Guide: Wilcoxon Signed-Rank Test

The Wilcoxon-signed rank test is a non-parametric test we can run in Julius. It is designed to evaluate the median differences between paired observations (before and after), which directly affect one another and are not independent. This makes it ideal for measuring before-and-after studies, repeated on the same individual on the same sample, or matched pairs of data.

The Wilcoxon signed-rank test does not assume normal distribution, which is often required by parametric tests and is particularly useful for smaller datasets. Additionally, it is not sensitive to outliers, as it ranks the data before analyzing the differences. Here are the assumptions we need to ensure this dataset follows:

  1. Paired Data: The test requires that the data consists of pairs of observations (before and after).
  2. Continuous or Ordinal Data: The data must be able to take any value within a range.
  3. Symmetry of the Distribution Differences: The differences between the paired measurements should be symmetrically distributed around the median.
  4. Independence Within Pairs: The differences between each individual test subject should not influence the other.

In addition to these, your data should also follow the non-parametric assumptions. Please check my other guide – Guide: Parametric or Non-parametric – for more information on that! Now that we know a little more about this test, let’s see an example on how to run it in Julius!

Prompt:
You’re a coach for the local 18U superhuman cross-country team. You want to assess if there is an improvement in the athletes’ sprint times before and after they enroll in this new training program. You record the time (in seconds) it takes for each athlete to run a 50m dash.
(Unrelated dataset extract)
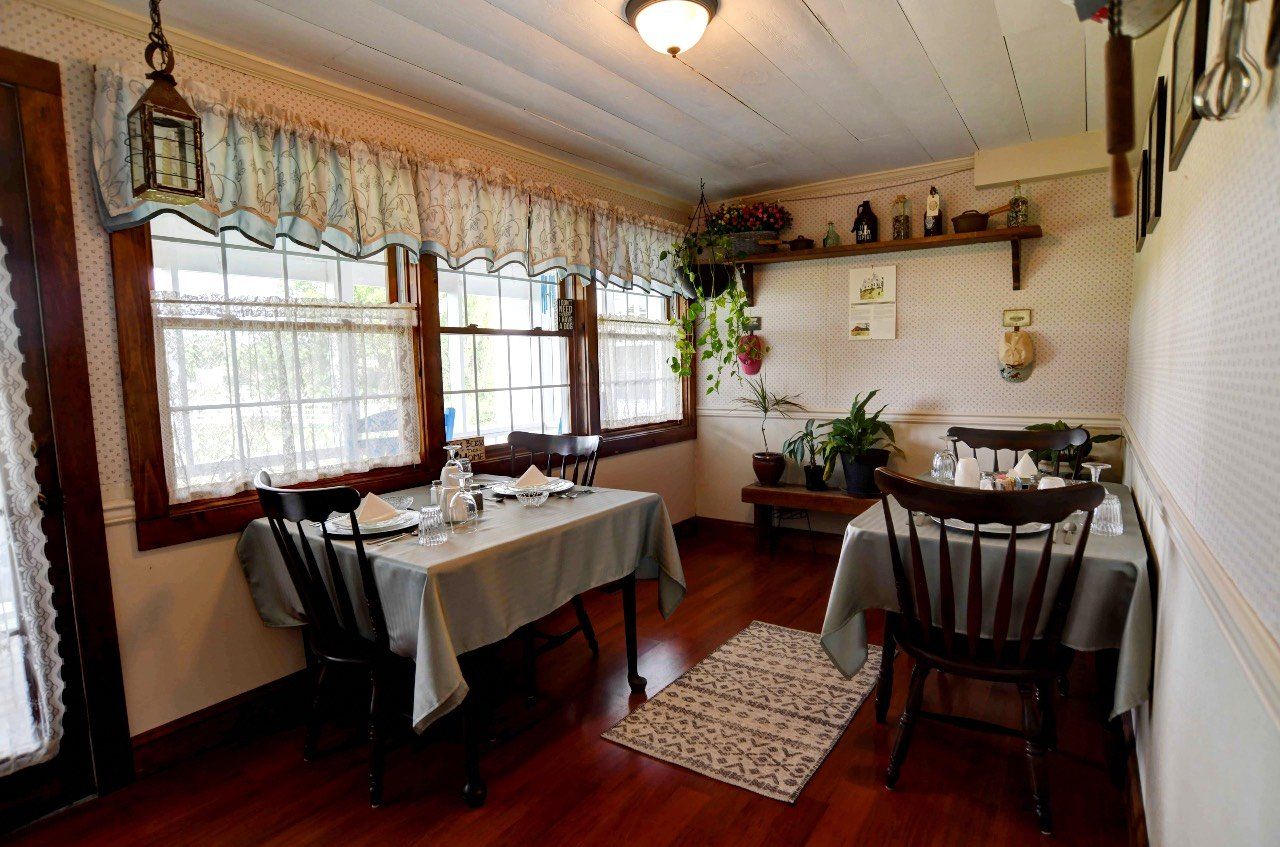 A dining room with tables and chairs and a rug on the floor.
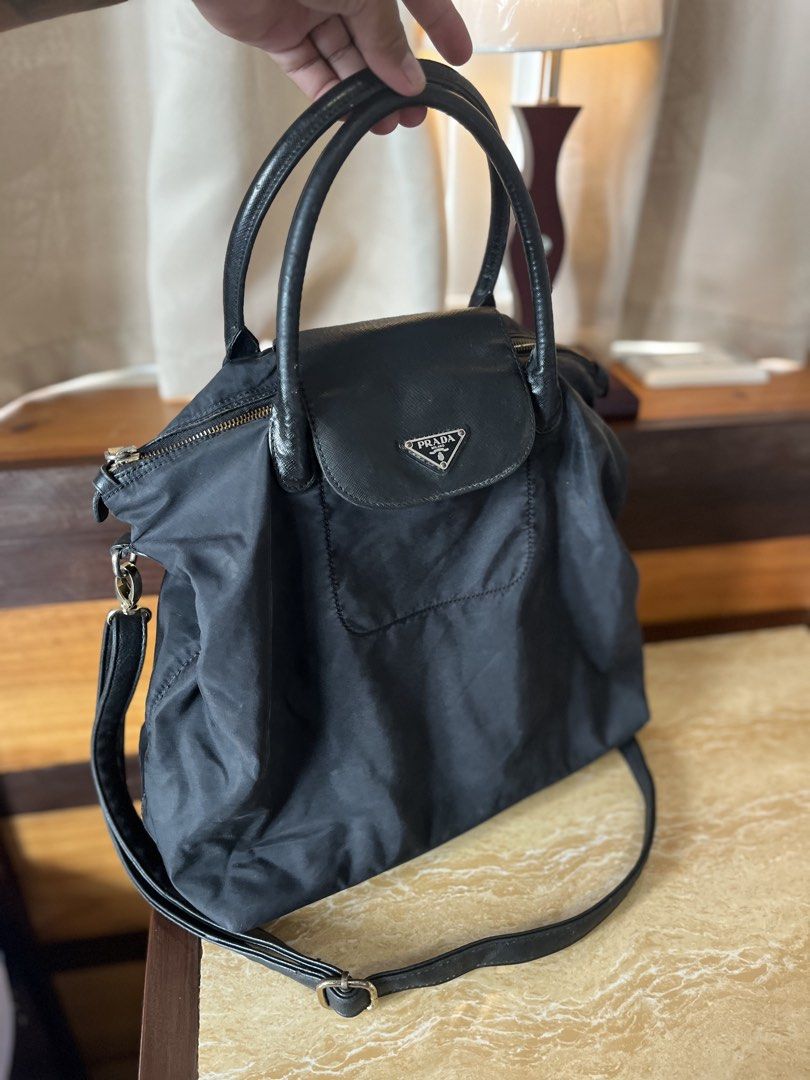Prada Black Nylon Flap Handbag with Crossbody Strap (Category: Luxury Bags & Wallets) located in Tacloban City. Submitted by luxbag_phhh (Listing ID 1467593855, Image 2). Description: - Prada nylon handbag in classic black - Twin leather handles and matching adjustable shoulder strap included - Front flap pocket accented with the signature triangular logo plaque - Secure top zip closure with gold-tone hardware - Lightweight, roomy, and ideal for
The results are displayed below:

id before after
1 0.4693 1.4196
2 3.0101 0.2254
3 1.3167 0.5183
4 0.9129 0.6844
5 0.1696 0.9134
6 0.1696 2.3069
7 0.0598 0.3341
8 2.0112 1.083
9 0.9191 1.3463
10 1.2313 0.0713
11 0.0208 1.403
12 3.5036 0.2804
13 1.7864 0.1009
14 0.2387 4.4605
15 0.2007 5.0559
16 0.2026 2.4785
17 0.3628 0.5449
18 0.7439 0.1542
19 0.5655 1.7291
20 0.3442 0.8701

This dataset is considered a “paired” dataset because we are looking at the same individual over a period of time (paired results). It is also continuous data, meaning that it can take on any value within a range. So, let’s get to it!

Steps to running a Wilcoxon signed-rank Test

Step 1: Run Descriptive Statistics
As always, this should be the first step in any data analysis process. So let’s run some descriptive stats on Julius!

Great! Now we know more about our dataset and its characteristics. We can use this information to chat about the results if needed.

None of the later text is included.